# Looking at a Diesel Cruze, what to look for



## Bosgarage57 (Jun 12, 2021)

Hello everyone, found a 2018 cruze diesel with 17k miles near me with the auto tranny for $17k. Thinking of trading in my 14 sonic 1.4 turbo for it. Dealership is 2hr's away 1 way so it'll be a drive. Anything specifically I should look for on these? Generally reliable vehicles? I don't think I've ever seen a diesel around here but love hatchbacks.


----------



## oregon_rider (Jul 21, 2017)

With all the emissions that these new diesels have on them - you don't want to purchase this vehicle if the majority of the driving is short trips or in town. If you drive mainly highway it will treat you well and get great fuel mileage. It will typically deliver greater than the epa estimate of 48 mpg. I have seen 60 mpg if driving it easy....

Our 2017 cruze was great while my wife was commuting cross town on the highway to work every day - 25 miles each way. Then after a year it went to my daughter who lived in a small college town - after 10 months of short trips the DPF was plugged and it turned out the SCR cat was plugged also and needed replacement - this was all covered under warranty - but took a bit of time to work through with the dealer. DPF = diesel particulate filter....

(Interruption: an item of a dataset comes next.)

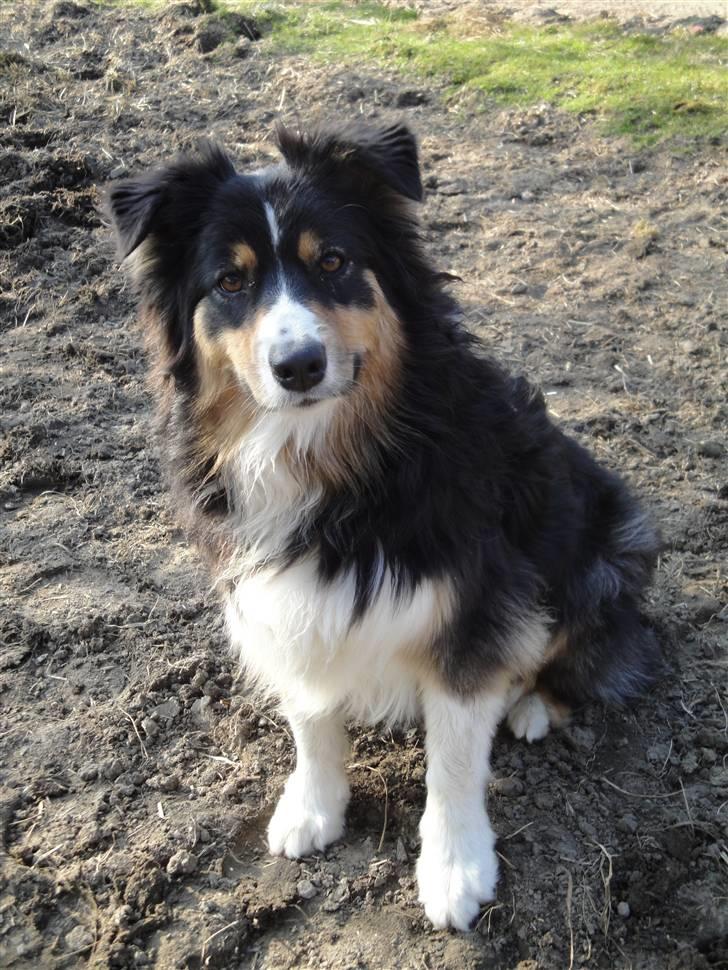Australian shepherd Chili billede 3
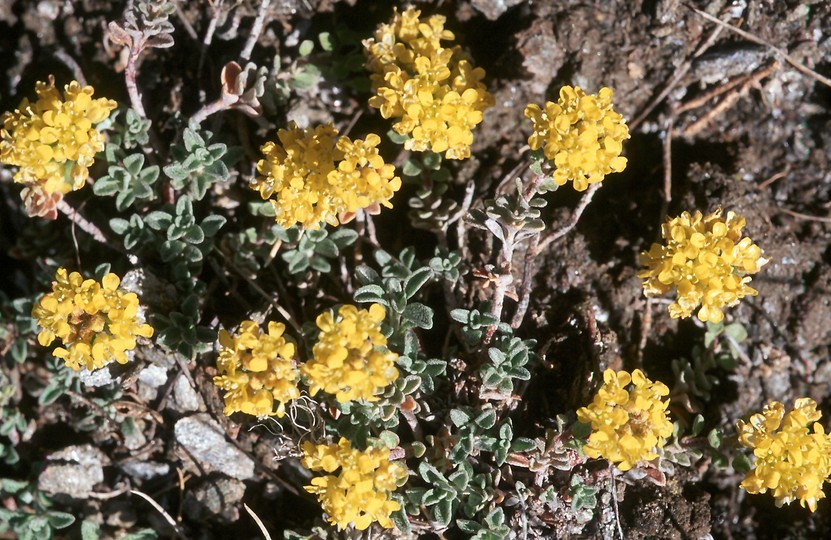 Alyssum alpestre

The auto tranny is a 9 speed - and coupled with the 1.6 liter diesel is a great drivetrain. Issues generally revolve around the emissions control systems - Diesel Particulate Filter (DPF) and Diesel Exhaust Fluid (DEF)/SCR Cat/ DEF injector/DEF heater issues....

jeff


----------



## rcruze (Mar 22, 2018)

I can't comment on the auto Trans as mine is a manual, but overall the car is great. As stated above, if you are mainly driving short quick trips you will need to plan some longer highway trips as well. The car loves long drives...


----------



## conemark (Feb 9, 2020)

I'm in the "+1" category here of thinking highly of our Diesel Cruze. HOWEVER, if your commuting pattern was more stop and go, relatively short distance type stuff, I would suggest sticking with the Sonic. The diesel definitely likes to see some highway use.


----------